* [What you should do] Take the entries that follow and return exactly the lines from the one holding "2019 Toyota Tacoma" through the one holding "2017 Ford Mustang VIN:1FATP8UH8H5254308 - 13", both included. Nothing else is needed.

* [Material to process]
::::
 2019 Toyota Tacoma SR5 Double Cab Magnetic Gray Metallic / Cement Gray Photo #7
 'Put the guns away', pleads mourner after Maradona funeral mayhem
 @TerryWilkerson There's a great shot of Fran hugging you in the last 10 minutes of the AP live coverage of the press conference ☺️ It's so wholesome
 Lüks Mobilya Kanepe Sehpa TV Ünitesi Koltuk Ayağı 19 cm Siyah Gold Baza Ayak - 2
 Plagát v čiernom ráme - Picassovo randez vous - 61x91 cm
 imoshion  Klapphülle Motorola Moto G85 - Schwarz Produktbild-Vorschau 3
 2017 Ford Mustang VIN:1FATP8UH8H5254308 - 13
::::
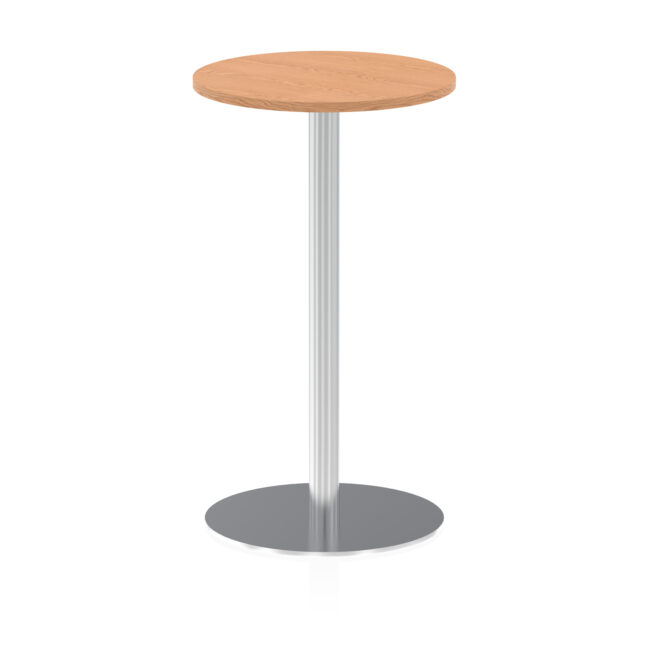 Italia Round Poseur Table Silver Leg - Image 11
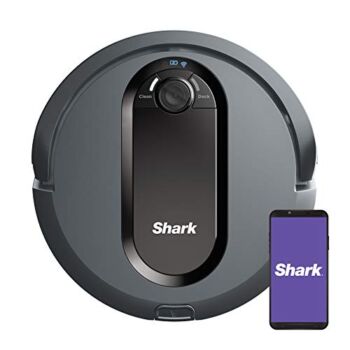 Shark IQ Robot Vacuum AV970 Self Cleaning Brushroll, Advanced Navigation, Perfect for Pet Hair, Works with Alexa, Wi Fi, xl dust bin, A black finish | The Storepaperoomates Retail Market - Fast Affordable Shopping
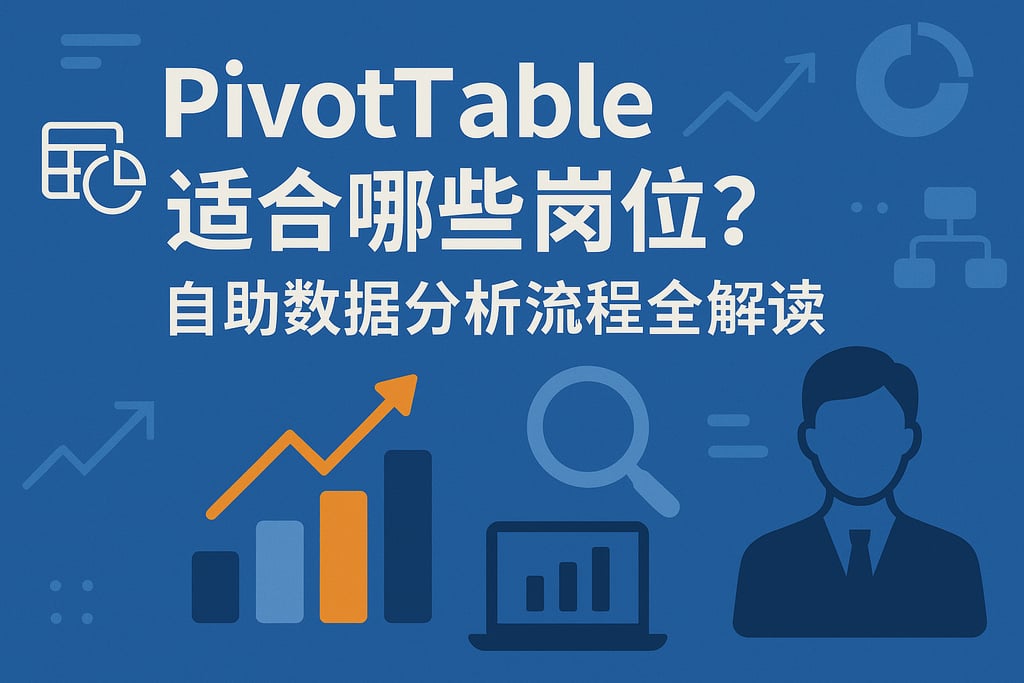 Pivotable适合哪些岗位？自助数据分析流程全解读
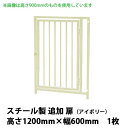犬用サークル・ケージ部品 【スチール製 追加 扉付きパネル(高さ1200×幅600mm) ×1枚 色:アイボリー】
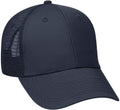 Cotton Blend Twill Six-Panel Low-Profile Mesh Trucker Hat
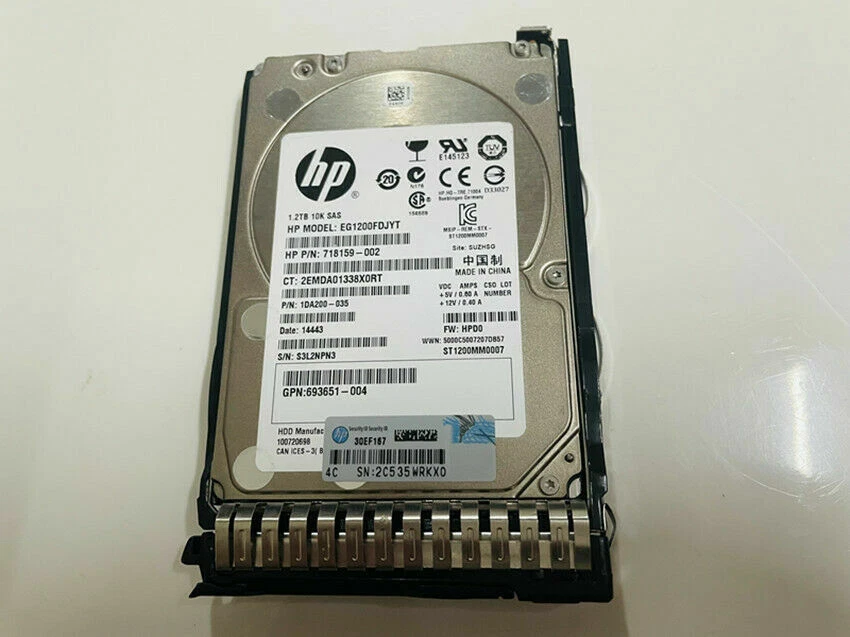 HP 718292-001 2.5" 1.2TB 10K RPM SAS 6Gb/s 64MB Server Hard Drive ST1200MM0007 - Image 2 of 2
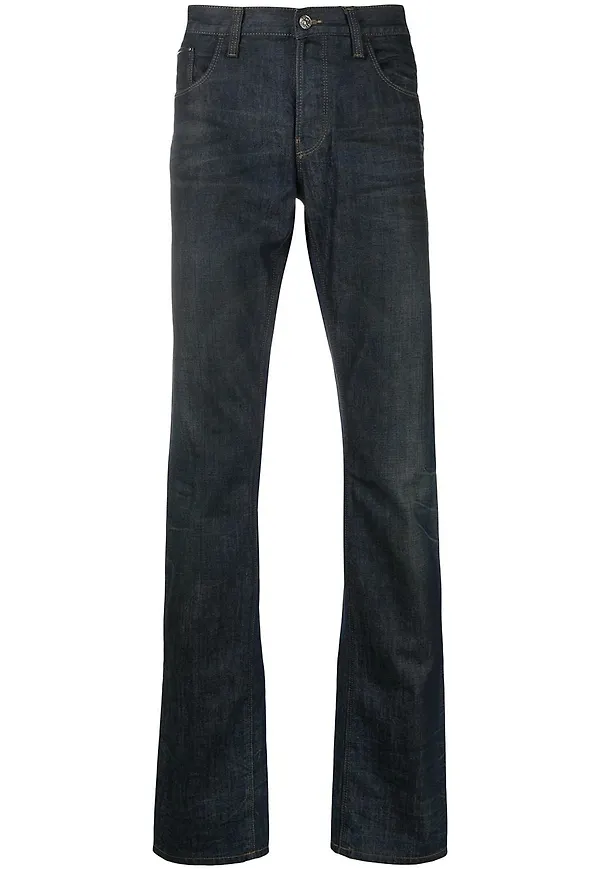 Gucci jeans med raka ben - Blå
::::
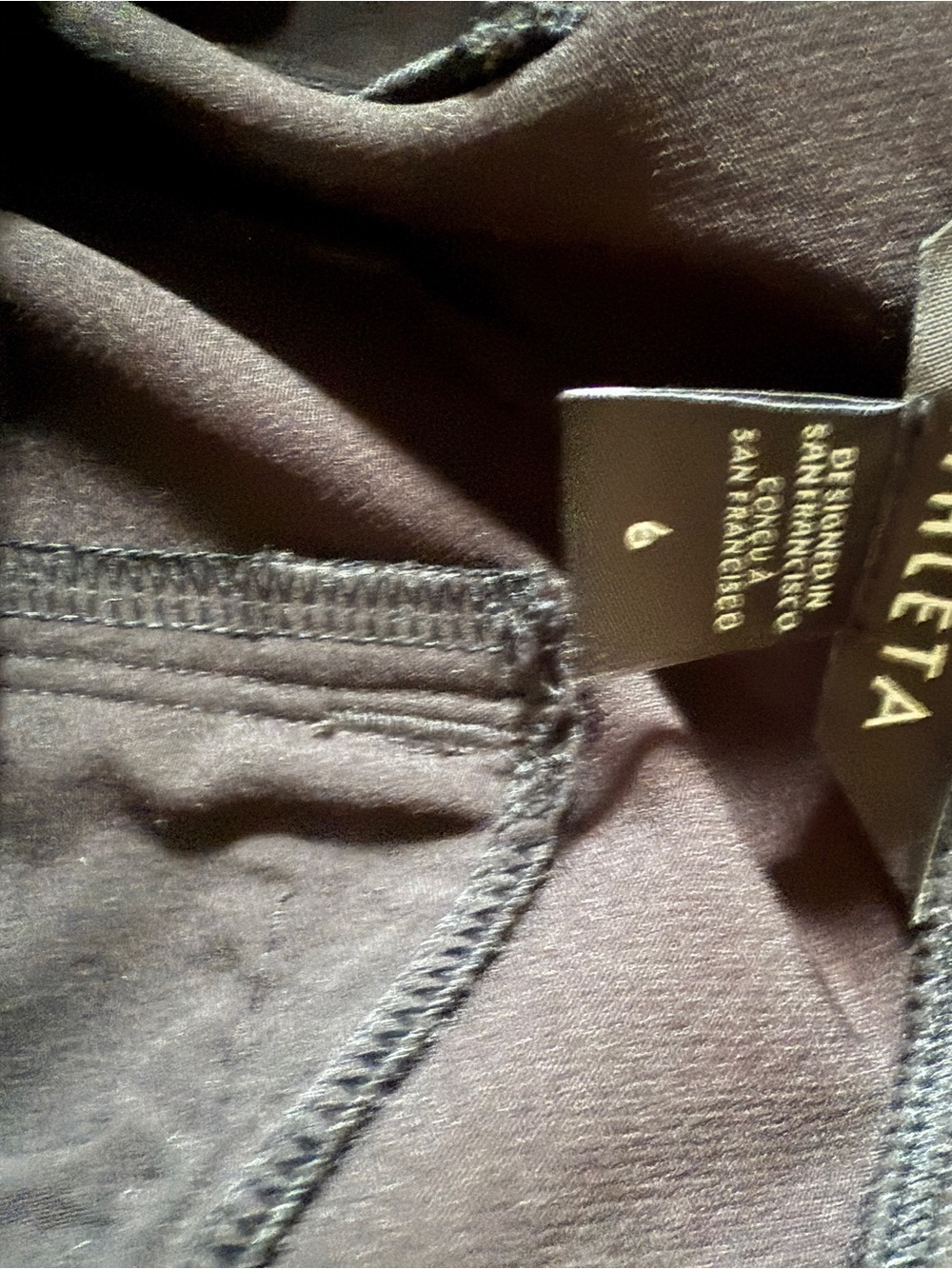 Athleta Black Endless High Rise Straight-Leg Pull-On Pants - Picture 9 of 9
::::
* [Exercise response]
 2019 Toyota Tacoma SR5 Double Cab Magnetic Gray Metallic / Cement Gray Photo #7
 'Put the guns away', pleads mourner after Maradona funeral mayhem
 @TerryWilkerson There's a great shot of Fran hugging you in the last 10 minutes of the AP live coverage of the press conference ☺️ It's so wholesome
 Lüks Mobilya Kanepe Sehpa TV Ünitesi Koltuk Ayağı 19 cm Siyah Gold Baza Ayak - 2
 Plagát v čiernom ráme - Picassovo randez vous - 61x91 cm
 imoshion  Klapphülle Motorola Moto G85 - Schwarz Produktbild-Vorschau 3
 2017 Ford Mustang VIN:1FATP8UH8H5254308 - 13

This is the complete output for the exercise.